◆ **Problem**: For each record that follows, write out an identical copy.

◆ **Data under study**:
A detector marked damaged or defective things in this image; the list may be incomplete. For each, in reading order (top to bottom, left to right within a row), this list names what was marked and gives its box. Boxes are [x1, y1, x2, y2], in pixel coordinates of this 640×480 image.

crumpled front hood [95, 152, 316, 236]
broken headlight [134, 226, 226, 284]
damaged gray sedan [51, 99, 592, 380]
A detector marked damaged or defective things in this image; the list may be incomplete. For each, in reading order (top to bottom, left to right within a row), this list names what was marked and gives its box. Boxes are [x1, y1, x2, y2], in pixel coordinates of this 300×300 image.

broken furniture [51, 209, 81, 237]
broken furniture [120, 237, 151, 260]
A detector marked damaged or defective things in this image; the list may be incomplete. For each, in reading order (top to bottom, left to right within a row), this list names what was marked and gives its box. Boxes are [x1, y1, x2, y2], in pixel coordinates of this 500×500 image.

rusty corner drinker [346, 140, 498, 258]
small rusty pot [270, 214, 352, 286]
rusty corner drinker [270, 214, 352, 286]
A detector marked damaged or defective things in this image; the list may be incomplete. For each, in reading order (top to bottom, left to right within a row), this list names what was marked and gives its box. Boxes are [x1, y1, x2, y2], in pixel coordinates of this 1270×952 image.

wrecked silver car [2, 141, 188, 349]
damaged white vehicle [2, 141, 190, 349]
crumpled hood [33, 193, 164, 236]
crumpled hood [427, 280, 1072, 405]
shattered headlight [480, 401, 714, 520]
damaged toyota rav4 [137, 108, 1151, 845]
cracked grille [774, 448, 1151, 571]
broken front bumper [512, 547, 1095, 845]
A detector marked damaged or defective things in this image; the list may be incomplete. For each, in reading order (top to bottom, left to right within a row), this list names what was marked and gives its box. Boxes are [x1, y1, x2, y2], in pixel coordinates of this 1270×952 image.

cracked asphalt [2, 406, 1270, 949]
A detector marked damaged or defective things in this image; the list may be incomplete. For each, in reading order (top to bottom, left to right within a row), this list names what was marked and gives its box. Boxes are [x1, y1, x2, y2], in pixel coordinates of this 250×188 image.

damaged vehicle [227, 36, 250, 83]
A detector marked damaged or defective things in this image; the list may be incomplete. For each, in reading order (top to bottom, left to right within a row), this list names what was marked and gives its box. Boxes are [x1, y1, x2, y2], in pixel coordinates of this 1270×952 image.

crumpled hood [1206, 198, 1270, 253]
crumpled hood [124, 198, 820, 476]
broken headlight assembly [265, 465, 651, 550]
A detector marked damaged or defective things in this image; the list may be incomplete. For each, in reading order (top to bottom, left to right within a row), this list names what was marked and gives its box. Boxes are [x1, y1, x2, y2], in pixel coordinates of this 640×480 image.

◆ **Result for this exercise**:
A detector marked damaged or defective things in this image; the list may be incomplete. For each, in reading order (top to bottom, left to right within a row), this list names what was marked and gives its box. Boxes are [x1, y1, x2, y2], in pixel coordinates of this 640×480 image.

crumpled front hood [95, 152, 316, 236]
broken headlight [134, 226, 226, 284]
damaged gray sedan [51, 99, 592, 380]
A detector marked damaged or defective things in this image; the list may be incomplete. For each, in reading order (top to bottom, left to right within a row), this list names what was marked and gives its box. Boxes are [x1, y1, x2, y2], in pixel coordinates of this 300×300 image.

broken furniture [51, 209, 81, 237]
broken furniture [120, 237, 151, 260]
A detector marked damaged or defective things in this image; the list may be incomplete. For each, in reading order (top to bottom, left to right within a row), this list names what was marked and gives its box. Boxes are [x1, y1, x2, y2], in pixel coordinates of this 500×500 image.

rusty corner drinker [346, 140, 498, 258]
small rusty pot [270, 214, 352, 286]
rusty corner drinker [270, 214, 352, 286]
A detector marked damaged or defective things in this image; the list may be incomplete. For each, in reading order (top to bottom, left to right within a row), this list names what was marked and gives its box. Boxes are [x1, y1, x2, y2], in pixel coordinates of this 1270×952 image.

wrecked silver car [2, 141, 188, 349]
damaged white vehicle [2, 141, 190, 349]
crumpled hood [33, 193, 164, 236]
crumpled hood [427, 280, 1072, 405]
shattered headlight [480, 401, 714, 520]
damaged toyota rav4 [137, 108, 1151, 845]
cracked grille [774, 448, 1151, 571]
broken front bumper [512, 547, 1095, 845]
A detector marked damaged or defective things in this image; the list may be incomplete. For each, in reading order (top to bottom, left to right within a row), this list names what was marked and gives its box. Boxes are [x1, y1, x2, y2], in pixel coordinates of this 1270×952 image.

cracked asphalt [2, 406, 1270, 949]
A detector marked damaged or defective things in this image; the list may be incomplete. For each, in reading order (top to bottom, left to right within a row), this list names what was marked and gives its box. Boxes are [x1, y1, x2, y2], in pixel coordinates of this 250×188 image.

damaged vehicle [227, 36, 250, 83]
A detector marked damaged or defective things in this image; the list may be incomplete. For each, in reading order (top to bottom, left to right within a row), this list names what was marked and gives its box. Boxes are [x1, y1, x2, y2], in pixel coordinates of this 1270×952 image.

crumpled hood [1206, 198, 1270, 253]
crumpled hood [124, 198, 820, 476]
broken headlight assembly [265, 465, 651, 550]
A detector marked damaged or defective things in this image; the list may be incomplete. For each, in reading order (top to bottom, left to right within a row), this list names what was marked and gives its box. Boxes are [x1, y1, x2, y2], in pixel coordinates of this 640×480 image.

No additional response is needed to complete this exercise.